Could you in theory add a second turbo to the 1.4l jetta that won’t destroy the engine?


----------



## Poetic50 (Feb 17, 2017)

Rockdog33 said:


> Could you in theory add a second turbo to the 1.4l jetta that won’t destroy the engine?


Compound turbo setup? A larger and smaller after to spool the bigger one?

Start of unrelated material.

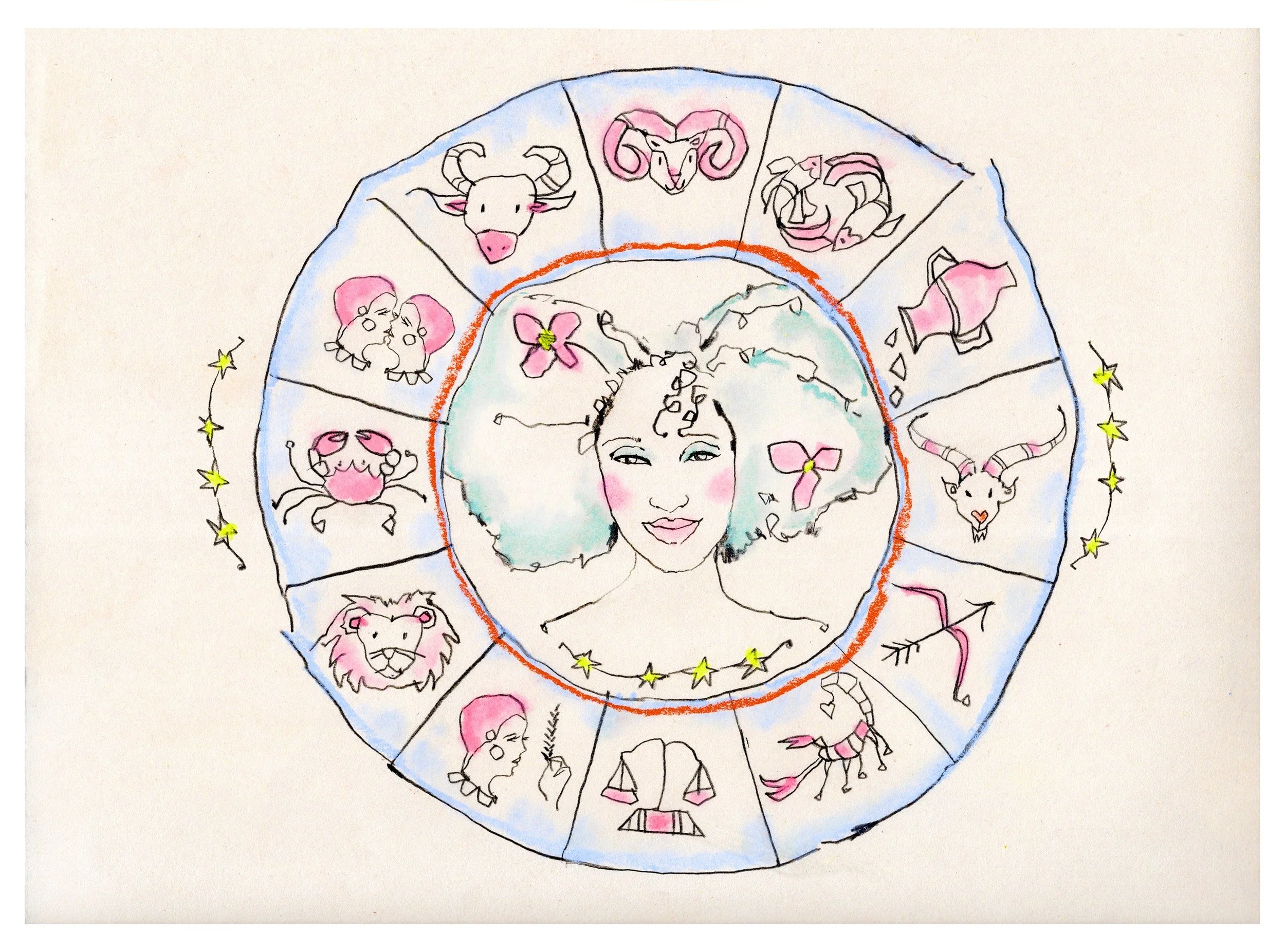 Astrological Assumptions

Sent from my iPhone using Tapatalk


----------



## ezshift5 (Jun 26, 2003)

Poetic50 said:


> Compound turbo setup? A larger and smaller after to spool the bigger one?
> 
> 
> Sent from my iPhone using Tapatalk


Hi Poetic,

I meant to ask you - regret my bad - about your 52,000 to 70,000 miles on your factory original Jetta 1.4 plugs. Did you ever notice any change - reduced MPG, hard starting - on your plugs enroute to your 70,000 mile planned plug change?

all the best,


ez


----------



## Poetic50 (Feb 17, 2017)

ezshift5 said:


> Hi Poetic,
> 
> I meant to ask you - regret my bad - about your 52,000 to 70,000 miles on your factory original Jetta 1.4 plugs. Did you ever notice any change - reduced MPG, hard starting - on your plugs enroute to your 70,000 mile planned plug change?
> 
> ...


Nope not at all. It was great and pulled great. Everything was great. At 126k miles now with the second set of plugs changed at around 90k miles I’m noticing very slight misfire when idling cold. That is all. Everything else is great 


Sent from my iPhone using Tapatalk


----------